In vivo imaging of hypoxia generation stimulated by testosterone using a micelle-based near-infrared fluorescent probe

Abstract

Hypoxia generation is caused by insufficient oxygen (O2) in aggressively proliferating cancer cells or tumors, which can lead to resistance to chemotherapy and radiotherapy. However, current hypoxic probes have been evaluated only in artificially induced hypoxic phenomena while ignoring latent stimuli. Testosterone, as a major stimulus of androgen, can cause hypoxia and hypoxia-inducible factor-1α generation during prostate cancer cell (LNCaP) proliferation or prostate cancer growth. Therefore, the improvement of hypoxia probes in the context of testosterone stimulation is critical. In response to this need, we have designed a micelle-based near-infrared fluorescent probe for imaging hypoxia stimulated by testosterone. In this study, we synthesized an amphiphilic copolymer, PEG−b−poly(MPC), in which fluorescent squarylium (SQ) dye and black hole quencher 2 (BHQ2) were enwrapped to form a PMPC@BHQ2/SQ probe. In this design, the fluorescence of the SQ dye is quenched by the BHQ2. In the context of hypoxia in this study, the BHQ2 was destroyed with the reduction of azo-reductase and the fluorescence of the SQ dye was recovered.
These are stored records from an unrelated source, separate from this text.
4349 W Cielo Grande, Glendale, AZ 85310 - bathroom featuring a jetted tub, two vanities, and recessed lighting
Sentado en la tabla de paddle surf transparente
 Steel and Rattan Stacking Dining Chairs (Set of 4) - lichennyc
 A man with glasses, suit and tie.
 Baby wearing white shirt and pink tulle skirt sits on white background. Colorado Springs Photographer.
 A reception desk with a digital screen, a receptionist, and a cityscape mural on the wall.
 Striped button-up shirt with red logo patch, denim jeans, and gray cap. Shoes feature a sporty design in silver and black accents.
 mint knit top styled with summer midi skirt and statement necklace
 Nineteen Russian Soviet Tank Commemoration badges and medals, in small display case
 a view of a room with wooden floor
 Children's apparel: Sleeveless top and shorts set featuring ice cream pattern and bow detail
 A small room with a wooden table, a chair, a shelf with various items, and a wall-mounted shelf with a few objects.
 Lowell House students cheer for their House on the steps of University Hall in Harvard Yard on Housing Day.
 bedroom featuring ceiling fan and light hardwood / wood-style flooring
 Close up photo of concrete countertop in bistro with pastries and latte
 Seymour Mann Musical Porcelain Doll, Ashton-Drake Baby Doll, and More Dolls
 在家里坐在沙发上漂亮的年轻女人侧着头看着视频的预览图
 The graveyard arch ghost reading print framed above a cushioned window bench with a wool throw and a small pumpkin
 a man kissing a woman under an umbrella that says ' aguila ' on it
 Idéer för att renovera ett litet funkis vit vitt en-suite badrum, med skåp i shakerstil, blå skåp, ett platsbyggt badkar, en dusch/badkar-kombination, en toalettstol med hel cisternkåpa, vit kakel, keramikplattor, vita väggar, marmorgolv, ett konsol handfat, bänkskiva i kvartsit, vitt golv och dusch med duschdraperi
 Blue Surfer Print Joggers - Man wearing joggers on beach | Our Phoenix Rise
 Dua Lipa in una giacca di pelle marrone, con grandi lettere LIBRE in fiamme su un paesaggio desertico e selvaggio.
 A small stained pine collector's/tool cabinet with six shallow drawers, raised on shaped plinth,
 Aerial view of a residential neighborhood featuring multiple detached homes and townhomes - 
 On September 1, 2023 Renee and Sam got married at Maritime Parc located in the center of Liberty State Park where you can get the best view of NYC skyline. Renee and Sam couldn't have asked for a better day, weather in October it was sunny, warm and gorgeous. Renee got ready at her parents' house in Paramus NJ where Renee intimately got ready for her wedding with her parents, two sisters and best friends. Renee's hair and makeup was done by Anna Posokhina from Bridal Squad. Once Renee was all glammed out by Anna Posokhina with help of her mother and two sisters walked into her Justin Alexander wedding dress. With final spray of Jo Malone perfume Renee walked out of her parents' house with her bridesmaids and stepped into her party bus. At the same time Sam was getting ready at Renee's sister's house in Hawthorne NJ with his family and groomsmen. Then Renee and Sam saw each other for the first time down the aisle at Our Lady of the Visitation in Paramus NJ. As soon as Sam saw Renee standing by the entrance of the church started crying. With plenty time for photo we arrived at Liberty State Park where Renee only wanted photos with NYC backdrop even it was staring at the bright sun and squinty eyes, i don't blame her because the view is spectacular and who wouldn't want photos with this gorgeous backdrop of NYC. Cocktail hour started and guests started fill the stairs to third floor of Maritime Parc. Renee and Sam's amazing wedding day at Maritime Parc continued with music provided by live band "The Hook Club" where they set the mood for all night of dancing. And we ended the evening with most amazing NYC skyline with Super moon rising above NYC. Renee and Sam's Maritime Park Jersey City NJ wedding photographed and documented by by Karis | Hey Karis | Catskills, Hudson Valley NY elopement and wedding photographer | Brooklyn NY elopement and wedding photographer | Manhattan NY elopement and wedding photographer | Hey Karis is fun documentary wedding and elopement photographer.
This process is oxygen level-dependent, and the sensitivity of the probe is sufficient to distinguish different levels of hypoxia (<1% O2). We demonstrated the feasibility of the developed PMPC@BHQ2/SQ probe for investigating testosterone-induced hypoxia in both cells and in vivo. As far as we know, this paradigm is the first design of a rational strategy for the fluorescent imaging of hypoxia generation stimulated by testosterone. This work will contribute to hypoxia-related biomedical research.